At 16, he presented his first recital at Carnegie Hall; at 17, he was billed as the “17-year-old Baritone.” Then, at age 19, he put music aside to raise his family, going to work to make ends meet. He worked at the post office, and then as a police officer in the New York City Police Department. It was in uniform that local New York audiences began to discover his voice and his passion for the music he sang. Before the events of 9/11, he was already quite well known around New York City as he had sung in "Broadway on Broadway," in local opera and musical theater productions. As an “official singer” for the NYPD Ceremonial Unit, he sang at many functions, and later, at memorials in the aftermath of the September 11th attacks.
After 9/11, then-New York Mayor Rudolph Giuliani, helped set up an audition with Placido Domingo. Daniel studied with Maestro Domingo and the staff at the Young Artist Program in Washington for a year and half. Daniel's operatic debut took place in June of 2006, where he sang the role of Canio in Pagliacci with the Chelsea Opera Company in New York City. In 2007, Daniel was named for "Best Performance by a Leading Male" for the 2006-2007 season, by OperaOnline for his portrayal of Canio with Granite State Opera.

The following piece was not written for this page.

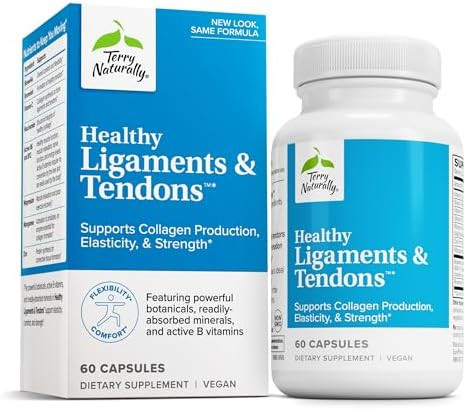 Terry Naturally Healthy Ligaments & Tendons Dietary Supplement For Connective Tissue & Joint Lubrication Support Nongmo Formula To Aid Ligament & Muscle Health 60 Capsules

He performed at the Republican National Convention and President Bush’s “Celebration of Freedom” Inauguration concert, and on television’s “The Late Show with David Letterman,” “Larry King Live,” “Live with Regis and Kelly,” “The Tonight Show” and “Oprah,” among many other high profile events. In 2011, he performed as part of The New York Tenors in a series of concerts, and the following year sang the National Anthem for a September 11 memorial service at Pearl Harbor.

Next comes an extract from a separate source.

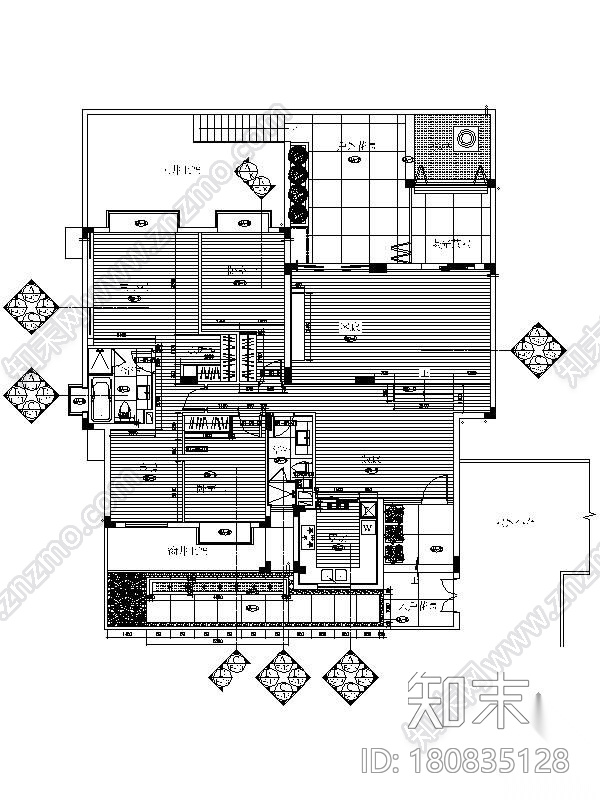 [无锡]某国际社区样板房B1四居室装修图cad施工图下载【ID:180835128】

Wherever he goes, Daniel is asked about that fateful morning and how it changed his life. He was driving over the Verrazano Bridge to begin his shift with the NYPD when the first plane hit the World Trade Center. He was on the ground near the buildings when they collapsed, nearly losing his own life. Nine years later, he went back to heal himself. From this journey, Daniel has begun Find 9/12.com... the quest to rediscover the unity we experienced in the wake of the 9/11 attacks.